One of the positive aspects of changing from triathlon to trail & mountain running/hiking/backpacking is all the new gear I get to buy.
While some of the winter running and biking winter clothing transitions well but there are some accessories I must invest in.
Number 1: Water filtration system
I chose a collapsible water filter option so I could back it pretty easily in a small running pack. I’ll be trying the Katadyn BeFree on the long hike to Owl’s Head this week so we’ll see how it does. This is new technology for me so I can’t wait to see how it works on the trail.

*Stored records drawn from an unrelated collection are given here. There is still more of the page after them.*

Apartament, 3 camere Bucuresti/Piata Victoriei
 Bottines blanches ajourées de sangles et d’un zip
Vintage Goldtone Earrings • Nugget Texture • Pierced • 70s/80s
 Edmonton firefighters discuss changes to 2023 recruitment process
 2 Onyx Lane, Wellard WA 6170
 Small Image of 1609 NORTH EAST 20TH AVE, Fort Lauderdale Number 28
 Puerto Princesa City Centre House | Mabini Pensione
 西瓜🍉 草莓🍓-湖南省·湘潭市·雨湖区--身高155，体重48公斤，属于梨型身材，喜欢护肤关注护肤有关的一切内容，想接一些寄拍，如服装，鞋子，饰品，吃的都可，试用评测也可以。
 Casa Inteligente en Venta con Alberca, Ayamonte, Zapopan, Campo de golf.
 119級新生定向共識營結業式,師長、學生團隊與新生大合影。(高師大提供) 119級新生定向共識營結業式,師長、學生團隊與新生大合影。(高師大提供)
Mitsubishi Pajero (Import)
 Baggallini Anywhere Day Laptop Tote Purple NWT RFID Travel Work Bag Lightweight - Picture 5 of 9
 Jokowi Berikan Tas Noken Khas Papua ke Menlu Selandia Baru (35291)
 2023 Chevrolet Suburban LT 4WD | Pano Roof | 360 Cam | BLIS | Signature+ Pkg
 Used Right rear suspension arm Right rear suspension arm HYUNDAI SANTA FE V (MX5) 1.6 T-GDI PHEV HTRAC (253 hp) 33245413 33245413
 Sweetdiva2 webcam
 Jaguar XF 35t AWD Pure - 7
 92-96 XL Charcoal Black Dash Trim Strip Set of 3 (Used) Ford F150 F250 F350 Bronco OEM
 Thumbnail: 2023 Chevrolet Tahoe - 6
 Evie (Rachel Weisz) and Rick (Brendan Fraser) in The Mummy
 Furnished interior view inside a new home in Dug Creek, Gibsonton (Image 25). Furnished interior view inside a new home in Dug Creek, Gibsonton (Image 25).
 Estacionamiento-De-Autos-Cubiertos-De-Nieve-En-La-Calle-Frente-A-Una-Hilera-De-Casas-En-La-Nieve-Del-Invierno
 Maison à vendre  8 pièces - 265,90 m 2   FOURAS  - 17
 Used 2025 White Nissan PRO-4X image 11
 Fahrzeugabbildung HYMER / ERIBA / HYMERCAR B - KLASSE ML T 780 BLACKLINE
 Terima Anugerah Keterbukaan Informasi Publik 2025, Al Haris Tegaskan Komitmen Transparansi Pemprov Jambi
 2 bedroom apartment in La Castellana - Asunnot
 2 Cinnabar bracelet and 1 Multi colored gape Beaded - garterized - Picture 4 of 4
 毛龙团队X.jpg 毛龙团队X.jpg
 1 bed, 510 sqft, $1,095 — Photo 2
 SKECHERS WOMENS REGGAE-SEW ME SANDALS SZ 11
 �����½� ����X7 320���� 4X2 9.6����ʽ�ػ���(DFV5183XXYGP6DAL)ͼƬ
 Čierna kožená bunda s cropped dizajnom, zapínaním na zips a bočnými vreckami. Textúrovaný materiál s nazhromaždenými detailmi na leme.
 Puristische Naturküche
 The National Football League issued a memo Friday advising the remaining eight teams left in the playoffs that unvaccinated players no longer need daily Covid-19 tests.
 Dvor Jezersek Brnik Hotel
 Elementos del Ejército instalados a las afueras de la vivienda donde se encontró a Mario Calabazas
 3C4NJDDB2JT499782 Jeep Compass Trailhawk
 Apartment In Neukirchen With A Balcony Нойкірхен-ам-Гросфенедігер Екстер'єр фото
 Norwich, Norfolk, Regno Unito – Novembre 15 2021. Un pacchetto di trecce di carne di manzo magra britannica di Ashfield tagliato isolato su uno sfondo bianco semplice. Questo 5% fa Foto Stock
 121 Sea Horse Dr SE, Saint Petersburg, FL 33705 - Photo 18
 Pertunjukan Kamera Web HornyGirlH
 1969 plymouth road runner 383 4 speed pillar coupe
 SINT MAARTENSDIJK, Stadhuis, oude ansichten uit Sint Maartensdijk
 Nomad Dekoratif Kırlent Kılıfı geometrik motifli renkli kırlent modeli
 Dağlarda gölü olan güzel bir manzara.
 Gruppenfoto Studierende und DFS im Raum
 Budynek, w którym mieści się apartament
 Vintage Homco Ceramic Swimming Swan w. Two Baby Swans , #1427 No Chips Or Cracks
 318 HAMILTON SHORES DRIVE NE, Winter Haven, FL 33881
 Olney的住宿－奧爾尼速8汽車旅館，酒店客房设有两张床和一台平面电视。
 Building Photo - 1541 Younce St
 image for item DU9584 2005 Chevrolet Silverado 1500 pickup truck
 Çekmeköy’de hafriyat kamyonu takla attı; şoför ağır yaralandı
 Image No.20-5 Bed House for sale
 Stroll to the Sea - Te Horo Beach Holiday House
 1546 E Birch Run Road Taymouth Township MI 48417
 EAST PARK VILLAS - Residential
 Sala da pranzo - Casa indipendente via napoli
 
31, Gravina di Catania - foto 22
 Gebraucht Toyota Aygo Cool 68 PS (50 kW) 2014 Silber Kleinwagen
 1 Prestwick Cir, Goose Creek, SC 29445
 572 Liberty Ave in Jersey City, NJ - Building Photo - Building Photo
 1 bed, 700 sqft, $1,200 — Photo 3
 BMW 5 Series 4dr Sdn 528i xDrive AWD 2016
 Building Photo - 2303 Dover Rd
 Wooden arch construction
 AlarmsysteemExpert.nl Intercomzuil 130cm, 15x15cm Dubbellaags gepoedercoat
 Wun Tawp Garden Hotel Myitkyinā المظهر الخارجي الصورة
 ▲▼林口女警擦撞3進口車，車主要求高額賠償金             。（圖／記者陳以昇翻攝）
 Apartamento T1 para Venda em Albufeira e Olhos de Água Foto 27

Number 2: New hiking boots
I’ve been hiking in trail running shoes for so many years and never considered hiking boots. I always thought that trail running shoes were less impactful on a trail and even when hiking sometimes I like to run. This year is different and I’m winter hiking so I knew I needed to invest in a good boot. The hiking boots I currently own were given to me when I was a Colorado gear tester back in 2008. I still have them but they are pretty beat up. I’ve been reading so many hiking and backpacking websites and blogs, and one trail review writer recommended Salomon X Ultra 3 Mid GTX hiking boots so I researched them. I liked the other reviews I read and decided to give them a try. The first break-in hike was this morning [see first photo in this post, a hike with a sunrise]. I’m not bringing them for the hike this weekend; this one’s a biggie and didn’t want to wear boots that need to be broken in. I’ll stick with the tried and true trail runners; probably my Ultra trail runners.
It’s good to get back into mountain sports. There is so much more equipment to research and try. Next up: tent and stove.
Our hike on the Starr King trail began around 8am since we stayed in Gorham for the night. The wind was howling and it was only 25 degrees.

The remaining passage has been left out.